Washington state and local officials should make decisions now that can help the Pacific Northwest's container shipping business recover after the recession. Guest columnist John McLaurin makes suggestion to ensure Seattle and Tacoma ports will be able to compete with other ports.
Special to The Times
THE international container shipping business, which supports tens of thousands of Pacific Northwest jobs, nose-dived along with other sectors of the economy during this terrible recession. The question some observers are now asking is, when the world economy recovers, will the ports here be left behind.
The post-recession competitive challenges facing the international trade community, like those facing the aerospace industry here, relate primarily to cost and choice.
Hundreds of giant container ships are idled around the world. Carriers have already lost billions of dollars and many companies are teetering on bankruptcy. Container traffic across the docks in Seattle and Tacoma is dropping by double digits. Thousands of ship crews, dock workers, truckers, rail workers, and warehouse clerks have lost their jobs.
Carriers have shaved every expense from their already lean operations to bring costs down as far as possible.
Industry experts predict a major transformation in ocean shipping will have occurred by the time economic recovery comes. And the industry changes experts see coming have major implications for the Pacific Northwest.
The movement of international goods — imports and exports — through Seattle and Tacoma's ports is a regional economic cornerstone. More than 250,000 jobs relate to Puget Sound port activities.
Recovery will be slow. All companies in the supply chain will be tightly focused on operating at the lowest possible cost. In the future there will be fewer companies, fewer and larger ships, and less frequent port calls.
Separately, but compounding the challenge for the Pacific Northwest, carriers and shippers have new port and sea route choices.
Canada sees the goods-movement industry as a jobs creator for their citizens. The national government has invested billions of dollars in port and railroad development in Vancouver, B.C., and Prince Rupert. Shippers can now choose to route cargo bound for America's heartland via Canadian ports.
Another more ominous competitive challenge comes in five years when the expanded Panama Canal opens. Carriers will then be able to bypass the U.S. West Coast and route their vessels directly to ports in Texas, Alabama, Florida, Georgia, North and South Carolina, Virginia and New York/New Jersey.

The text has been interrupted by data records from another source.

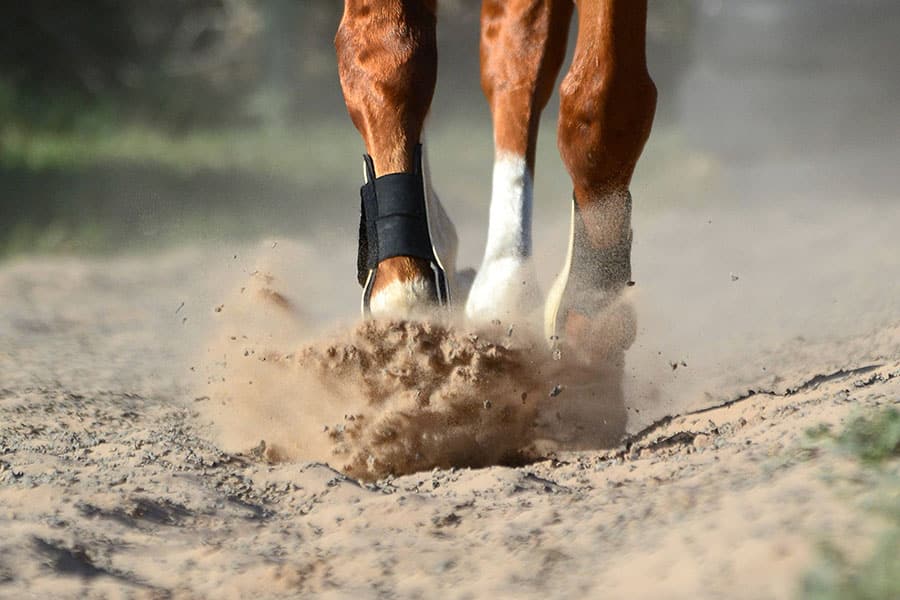 Testing Sand for Dust: Complete Arena Dust Analysis Guide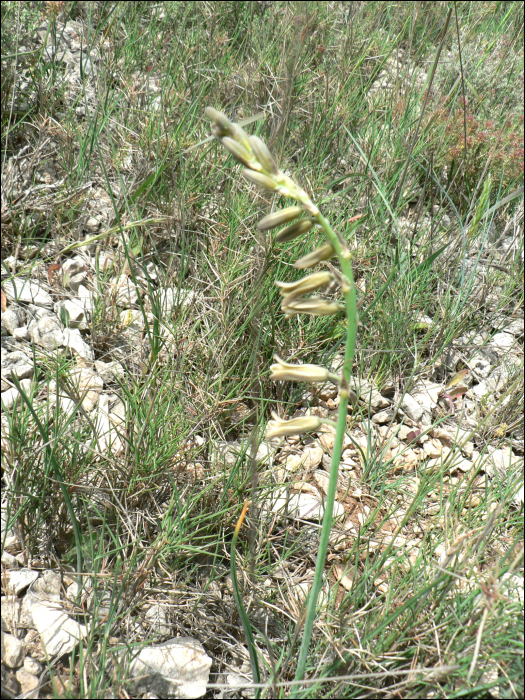 Dipcadi serotinum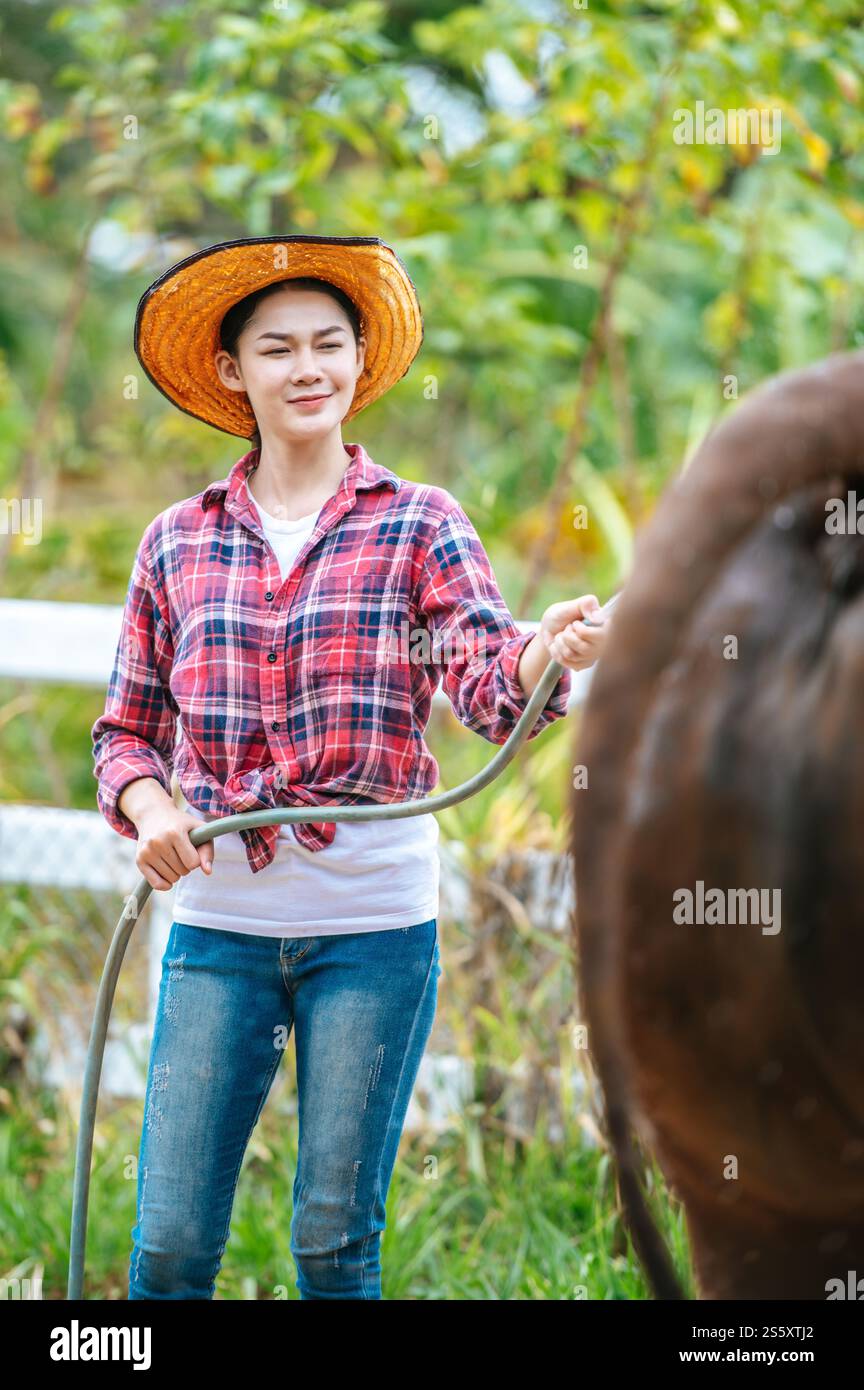 Porträt einer glücklichen jungen asiatischen Bäuerin, die einen Hut trägt, um die Kuh auf der Farm zu säubern. Landwirtschaft, Landwirtschaft, Mensch, Technologie und Tier Stockfoto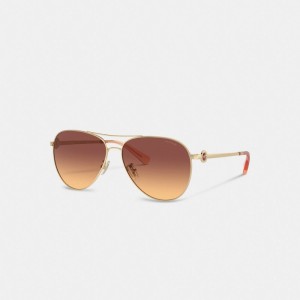 Women Coach Metal Aviator Sunglasses Dark Brown | PH_CH94664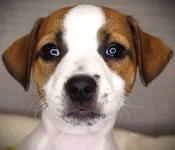 Jack Russell Terrier (F) 24898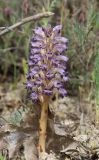 Orobanche cernua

Still another change that provides more choice to carriers and shippers is the shift of manufacturing centers from China to Southeast Asia and India. Carriers and shippers may choose routes from those areas directly to the U.S. East Coast via the Suez Canal.
Fortunately, port and industry leaders in Seattle and Tacoma recognize these challenges and are responding to them.
Much more needs to be done to position the Pacific Northwest ports to be competitive. The focus has to be on using financial resources wisely, making investments and on keeping costs — especially fees and taxes — down.
Here are my suggestions:
• Change the federal Harbor Maintenance Tax — Shippers that route cargo through Seattle and Tacoma pay tens of millions of dollars in taxes each year to a federal government fund that is used to pay for dredging harbors in the U.S. Seattle and Tacoma's natural deep water ports don't need dredging and, as a result, this region gets no benefit for the expense. Instead, the taxes are used to improve other ports so they can better compete with Seattle and Tacoma.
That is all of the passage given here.